Conservationists often hail nature-based recreation and ecotourism as critical tools in the fight to preserve wild lands. This support is based on the assumption that many recreational activities have little impact on parks and other natural areas. But a study in Conservation Letters suggests that even the least-disruptive activities can upset ecosystems and diminish biodiversity.
Led by Sarah Reed and Adina Merenlender of the University of California, Berkeley, the study investigates how hiking, mountain biking, and other quiet, nonmotorized activities affect the presence of carnivores in parts of Northern California. The researchers spent four months surveying populations of bobcats, red foxes, and other predators in 14 parks and preserves that permit limited recreation. As a control, they conducted similar surveys in protected areas where recreation is barred.
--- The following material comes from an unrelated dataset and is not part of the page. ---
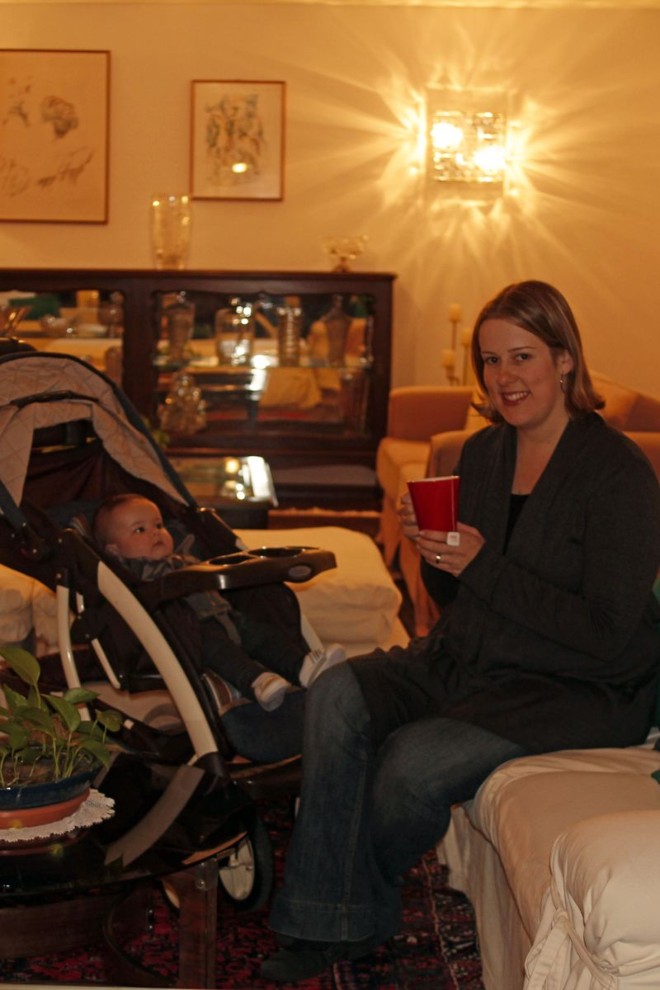 Muito cuidado desde cedo- Francisco tem apenas 6 meses e está começando a engatinhar, mas a mãe, a farmacêutica Caroline Luise Prochaska, não descuida um minuto. Por enquanto, o maior perigo está na curiosidade dele.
Reed and Merenlender found that densities of coyotes and bobcats were roughly five times lower in the areas permitting recreation. Those areas were also home to domestic dogs and cats, which were absent in the areas that did not permit recreation.
The researchers infer that even seemingly benign forms of recreation scare off key carnivores, thereby removing predators that keep domestic animals in check. In turn, those domestic animals can decimate populations of birds and small animals, setting off a cascade that reduces biodiversity.
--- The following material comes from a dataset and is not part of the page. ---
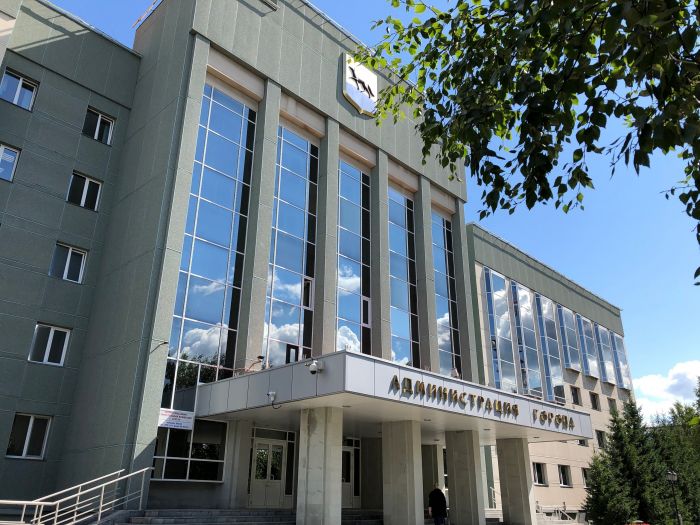 В Сургуте центральный вход в мэрию закроют до конца лета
This leaves conservation advocates and policy makers with a dilemma. Recreation users are often some of the strongest proponents of protecting public lands, and their support is critical to new conservation proposals. The challenge, Reed and Merenlender argue, is to preserve this support while developing management strategies that minimize recreation’s impact. ❧
Reed, S.E. and A.M. Merenlender. 2008. Quiet, nonconsumptive recreation reduces protected area effectiveness. Conservation Letters 1(3):146–154.